Behaviour of fstream in C++ - c++

I have made the following script, that is supposed to read from a file:
char match[] = "match";
int a;
int b;
inp >> lin;
while(!inp.eof()) {
if(!strcmp(lin, match)) {
inp >> a >> b;
cout << a << " " << b <<endl;
}
inp >> lin;
}
inp.close();
return num_atm;
}
It is supposed to read all words, and if a line starts with match, it should then also print the rest of the line.
My input file is this:
match 1 2 //1
match 5 2 //2
nope 3 6 //3
match 5 //4
match 1 4 //5
match 5 9 //6
It will correctly print 1 2, 5 2, and skip 3 6. But then, it will get stuck and keep printing 5 0 and continue printing 5 0 for ever. I get that match is put into b, which is an integer, but I don't get why this is looped.
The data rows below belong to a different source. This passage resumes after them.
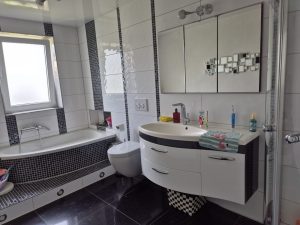 Tageslichtbad mit Wanne und Dusche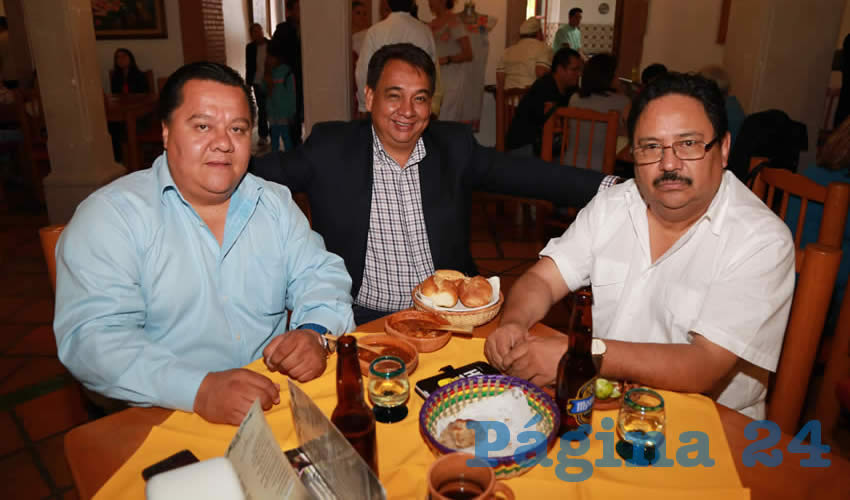 En La Mestiza almorzaron y bebieron los panistas Javier Pedroza Márquez, David Hernández Vallín y Fernando Alférez Barbosa, consejero estatal del partido Movimiento de Regeneración Nacional (Morena)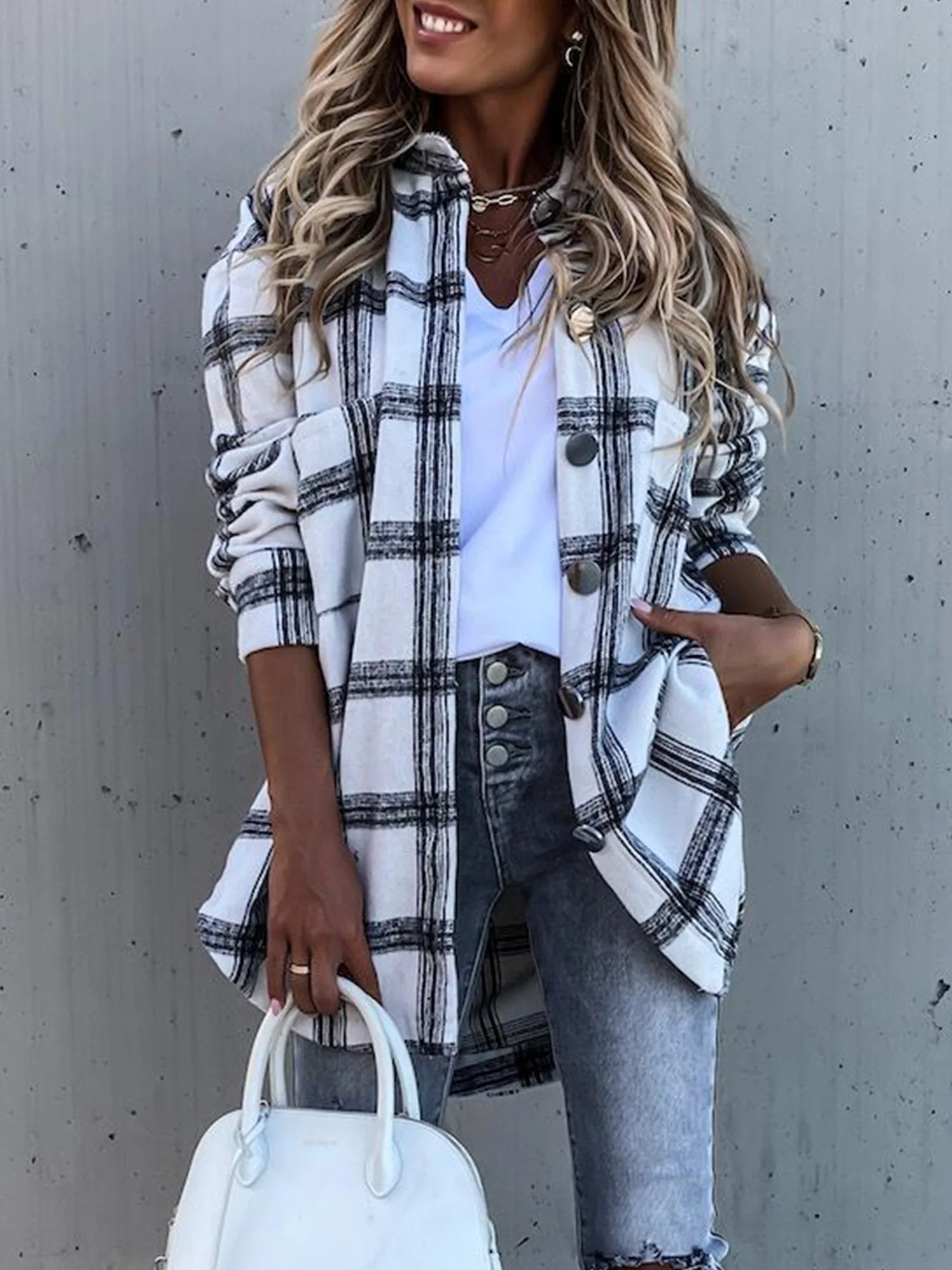 Women's Plaid Shirt Loose Blouse Check Pockets Long Sleeved Tops Casual Outwear Femme Blusas 2021
Women's Plaid Shirt Loose Blouse Check Pockets Long Sleeved Tops Casual Outwear Femme Blusas 2021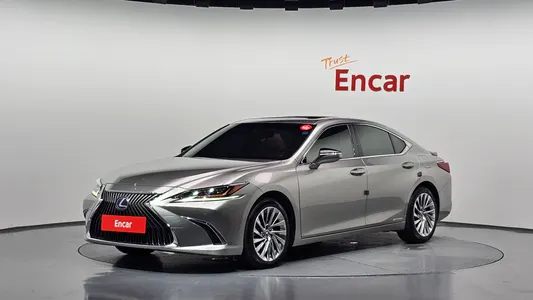 Lexus ES300h 7 2021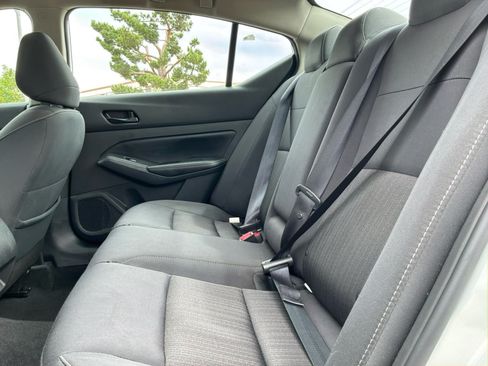 Used 2025 Nissan Altima 2.5 SV FWD image 19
Shouldn't the input read match 4 once, try to read/write 5 and match, and then be done with line 4 and the match from line 5? Then it should next read the number 1 and 4 and then match from number 6.
I would also understand that due to the word not fitting into the integer, it would read match in the fifth line again, but that's not what it does.
It goes back to the match in the fourth line which it already read, and reads it again. Why is this?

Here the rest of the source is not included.